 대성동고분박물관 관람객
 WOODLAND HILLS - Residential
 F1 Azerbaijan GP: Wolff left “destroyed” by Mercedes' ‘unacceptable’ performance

* * * * * * *

YOUR OBJECTIVE: Everything from the line containing "WOODLAND HILLS - Residential" through the last line above should be set down exactly; include no other lines.

REPLY:
 WOODLAND HILLS - Residential
 F1 Azerbaijan GP: Wolff left “destroyed” by Mercedes' ‘unacceptable’ performance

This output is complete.